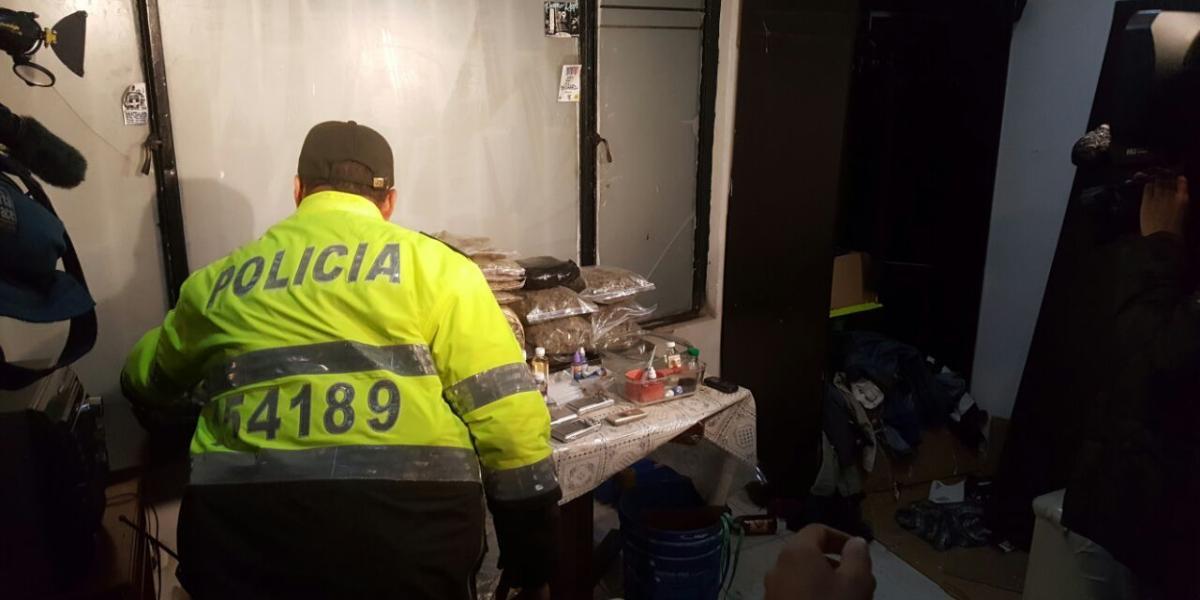 La casa con drogas y celulares en si interior fue encontrada cuando la policía de Chapinero perseguía a un hombre acusado de estar armado.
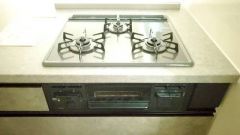 複数の調理を一度に行うことができる3口コンロ。効率よくお料理が出来ます。毎日のお料理も楽しくなりますね＾＾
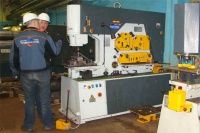 Пробивка отверстий в листовом, полосовом, фасонном прокате и металлических заготовках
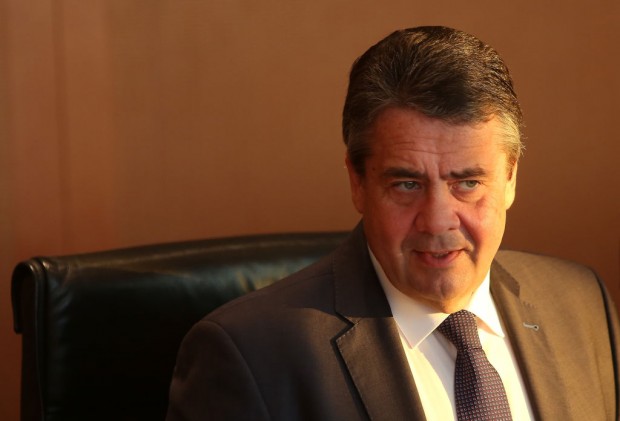 Gabriel will Bürgern ihre Sorgen abkaufen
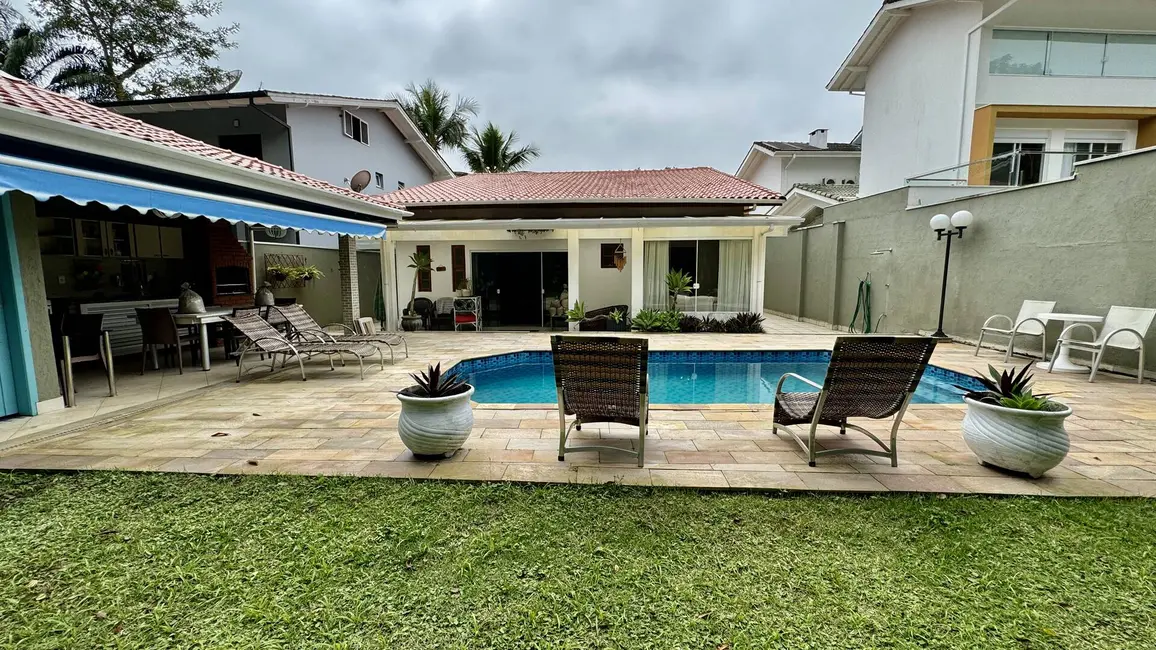 Foto 1 de Casa com 4 quartos à venda, 209m2 em Riviera de São Lourenço, Bertioga - SP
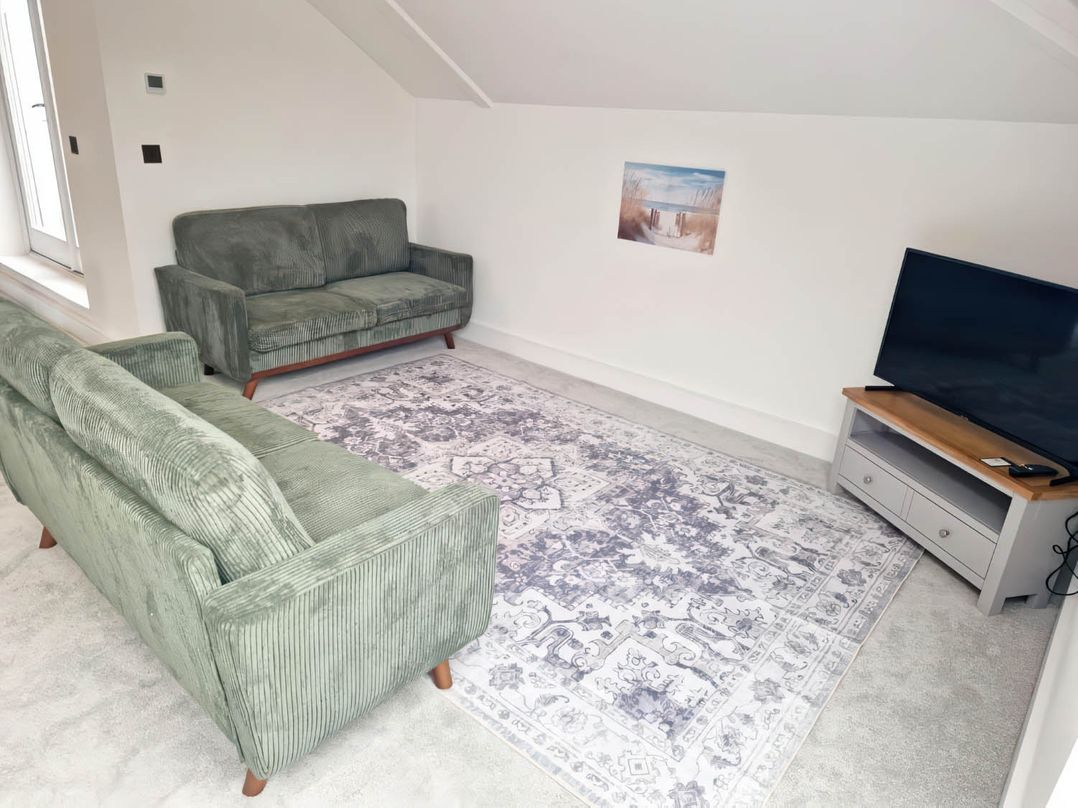 Apartment Sleeps 4 with Balcony and Parking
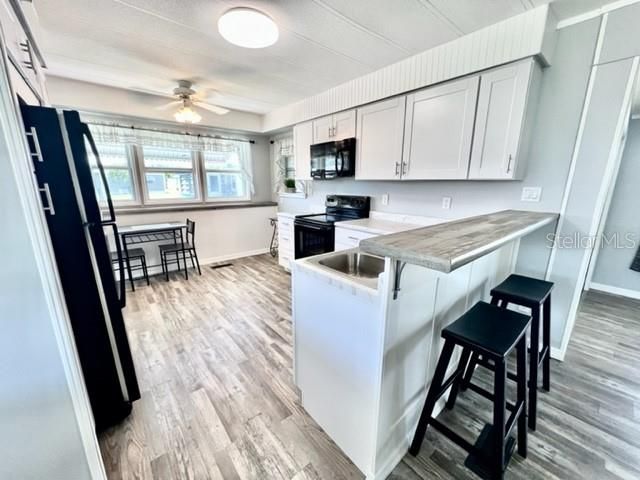 待售: $84,900 (2 贝兹, 2 浴室, 792 平方英尺)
- - - - -
EXERCISE PROMPT | Without the pictures, set down every entry exactly.

EXERCISE RESPONSE |
 La casa con drogas y celulares en si interior fue encontrada cuando la policía de Chapinero perseguía a un hombre acusado de estar armado.
 複数の調理を一度に行うことができる3口コンロ。効率よくお料理が出来ます。毎日のお料理も楽しくなりますね＾＾
 Пробивка отверстий в листовом, полосовом, фасонном прокате и металлических заготовках
 Gabriel will Bürgern ihre Sorgen abkaufen
 Foto 1 de Casa com 4 quartos à venda, 209m2 em Riviera de São Lourenço, Bertioga - SP
 Apartment Sleeps 4 with Balcony and Parking
 待售: $84,900 (2 贝兹, 2 浴室, 792 平方英尺)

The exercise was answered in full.